FIG. 9 schematically shows a result after the shared variance copying rule design step. FIG. 9 shows variance sharing structures of two kinds of the first models (i.e., two kinds of target models). As shown in FIG. 9, target model 1 and target model 2 have different numbers of states and different numbers of mixture components per state. This usually occurs in applications where there exist a background model and several foreground models. Generally, the number of states in the background model is less than those in the foreground models, and the number of mixture components per state in the background model is greater than those in the foreground models. Since each state of the second model has the same shared variances in same order after the mixture component reordering step, when copying the shared variances from the second model to the first model, it is not necessary to particularly care about whether the first model has the same number of states as the second model, and it is only necessary to care about whether the numbers of mixture components per state of the first and second models are the same. In the case that the first model has a different number of mixture components per state compared to the second model, different shared variance copying rules have to be designed for different models. In the example shown in FIG. 9, compared to the second model, target model 1 has the same number of mixture components per state, but target model 2 has double number of mixture components per state (i.e., each state has 8 mixture components). As to target model 2, for example, additional ordered shared variances V1˜V4 can be copied for the last 4 mixture components of each state.

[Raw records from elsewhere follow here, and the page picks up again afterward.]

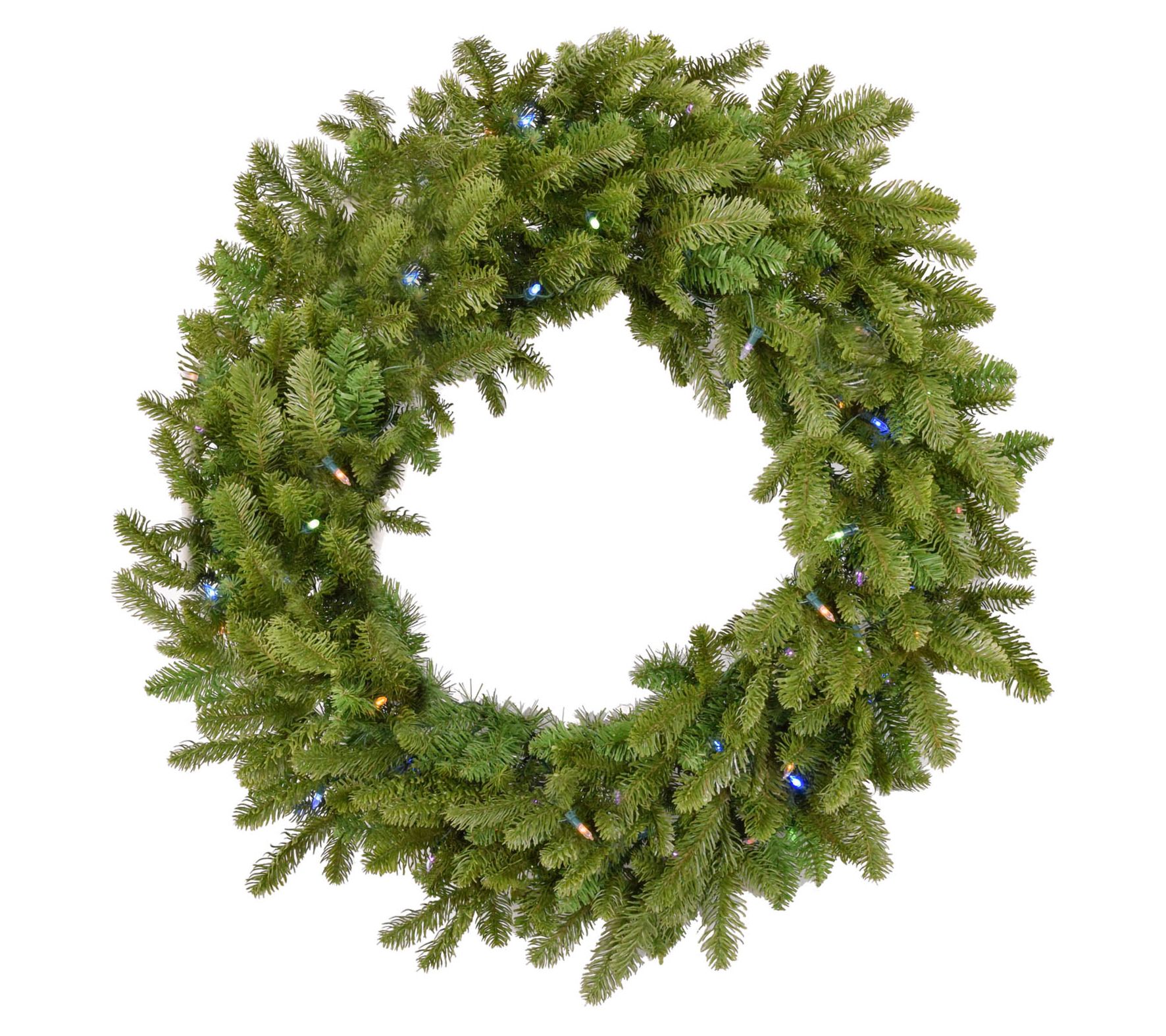 Fraser Hill Far m 36 In. Grandl and Multi Color Holiday Wreath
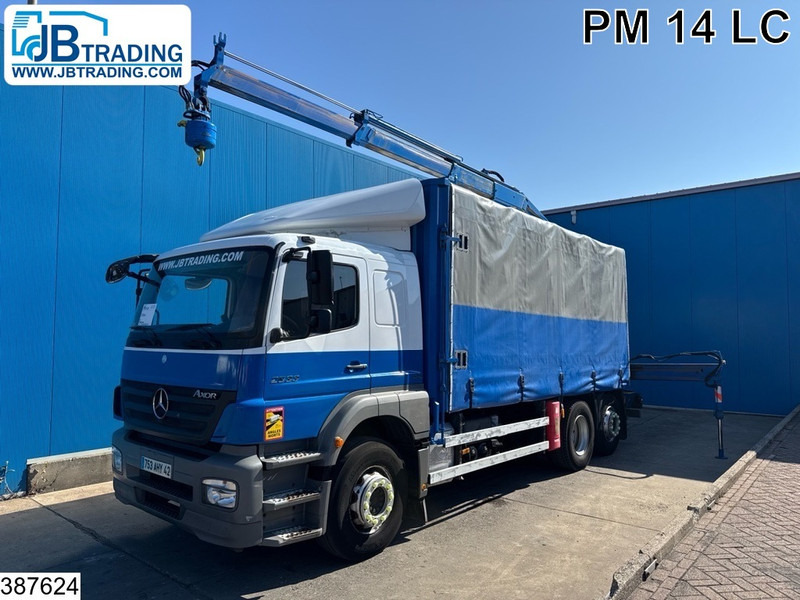 Mercedes-Benz Axor 2533 6X2, PM, Remote - Бортова вантажівка/ Платформа, Вантажівка з маніпулятором: фото 1 Mercedes-Benz Axor 2533 6X2, PM, Remote - Бортова вантажівка/ Платформа, Вантажівка з маніпулятором: фото 1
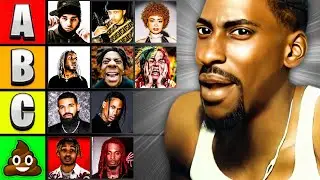 The ULTIMATE ALL-TIME Mainstream/Underground Rapper Tier List (Ranking)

In addition, compared to the second model, the number of mixture components per state of the first model (i.e., the target model) may be less or may not have a multiple relation to the number of mixture components per state of the second model sometimes. In such cases, the shared variance copying rule design step can, for example, be performed through the following process. First, a starting position (e.g., V1) of the shared variances of the reordered mixture components can be obtained. Then, the shared variances of the reordered mixture components can be repeatedly copied one by one to respective mixture components in each state of the first model, until all mixture components in each state of the first model have copied shared variances. In such a way, the shared variance copying rule design step becomes feasible and flexible. In particular, compared to the above-mentioned UBM variance sharing method, the mixture-level variance sharing method is easy to deal with cases where the target model has a different number of states or has a different number of mixture components per state.

FIG. 17 shows a schematic flowchart of the shared variance copying rule design step.

As shown in FIG. 17, first, at step 1710, a starting position of the shared variances of the reordered mixture components is obtained.

Then, at step 1720, the shared variances of the reordered mixture components are copied one by one to respective mixture components in each state of the first model.

Subsequently, at step 1730, it is judged whether all mixture components in all states of the first model have been processed. If Yes, the process ends; or else, the process returns to step 1710.

Up to now, the model generation method has been schematically described. Compared to the method without variance sharing, the grand-fixed variance sharing method and the UBM variance sharing method as described above (referring to FIGS. 1˜3), the mixture-level variance sharing method (referring to FIG. 4) generates a suitable number of variances during model generation. As will be seen from the following evaluation results, the mixture-level variance sharing method can suitably reduce the number of model parameters by suitably reduce the number of variances so as to suitably reduce the memory size. In addition, the mixture-level variance sharing method can also provide better model parameter estimation so as to provide better recognition performance in the case of limited training data. Also, compared to the grand-fixed variance sharing method, the mixture-level variance sharing method only needs smaller memory size and less computation load since no compensation factor is needed; and compared to the UBM variance sharing method, the mixture-level variance sharing method only needs smaller memory size to store less variances, and can also provide better model parameter estimation in the case of limited training data.

Incidentally, the embodiments can be implemented either in a vector way or in a scalar way.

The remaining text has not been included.